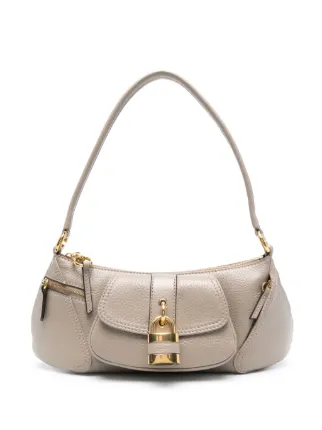 Chloé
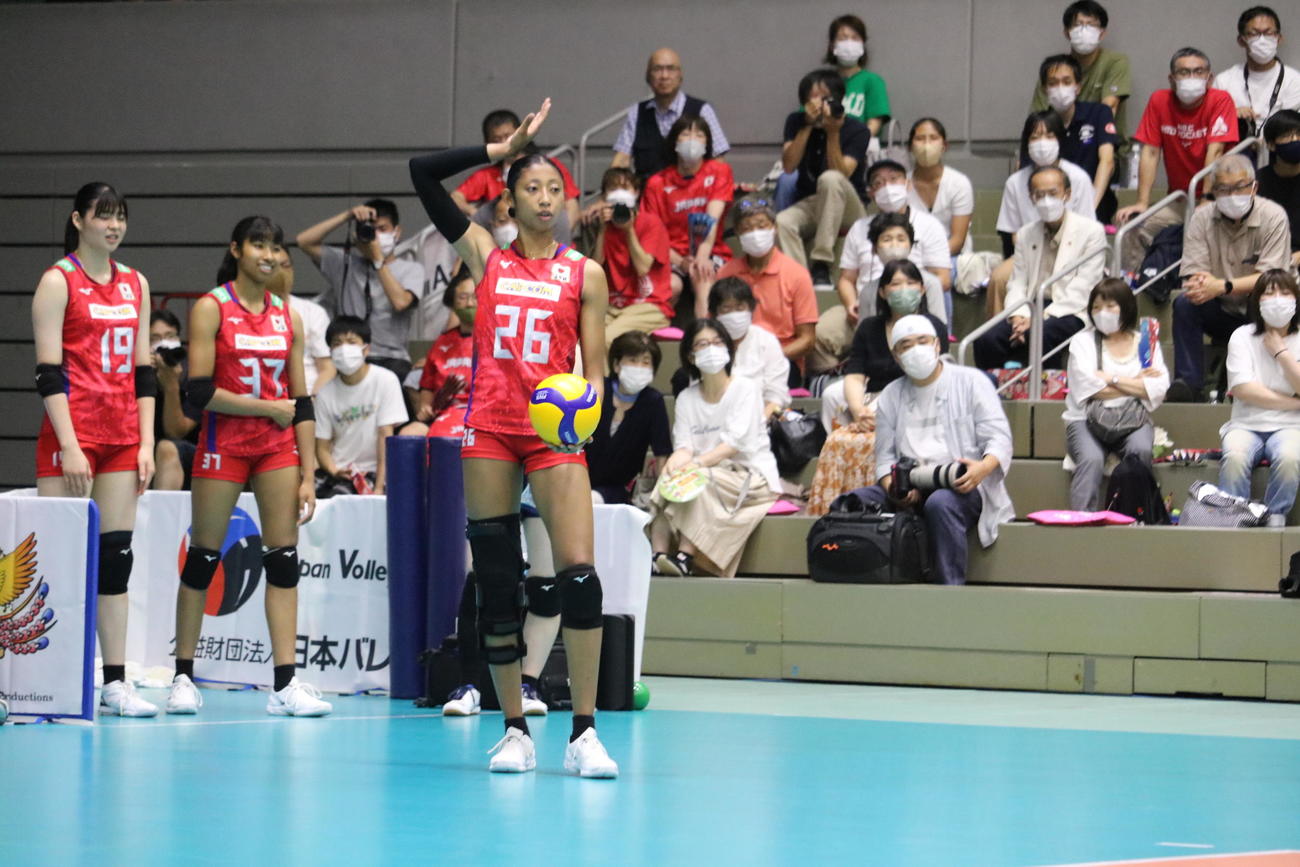 紅白戦でサーブを打つ宮部藍梨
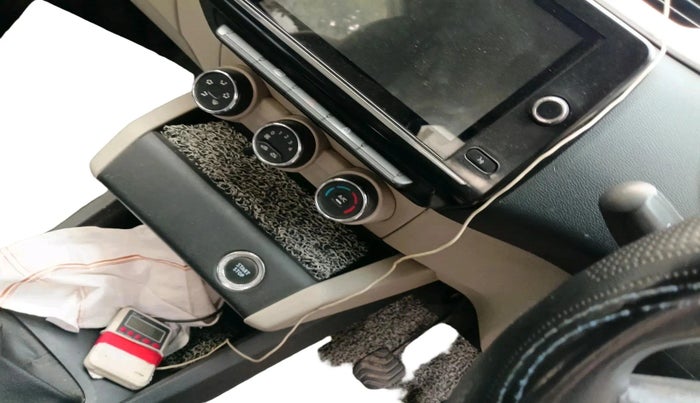 2020 Renault TRIBER RXZ, Petrol, Manual, 61,441 km, interior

## EXERCISE REQUIREMENTS
For this step, transcribe all the material above exactly and drop the images.

## ANSWER FOR THE TASK
 Chloé
 紅白戦でサーブを打つ宮部藍梨
 2020 Renault TRIBER RXZ, Petrol, Manual, 61,441 km, interior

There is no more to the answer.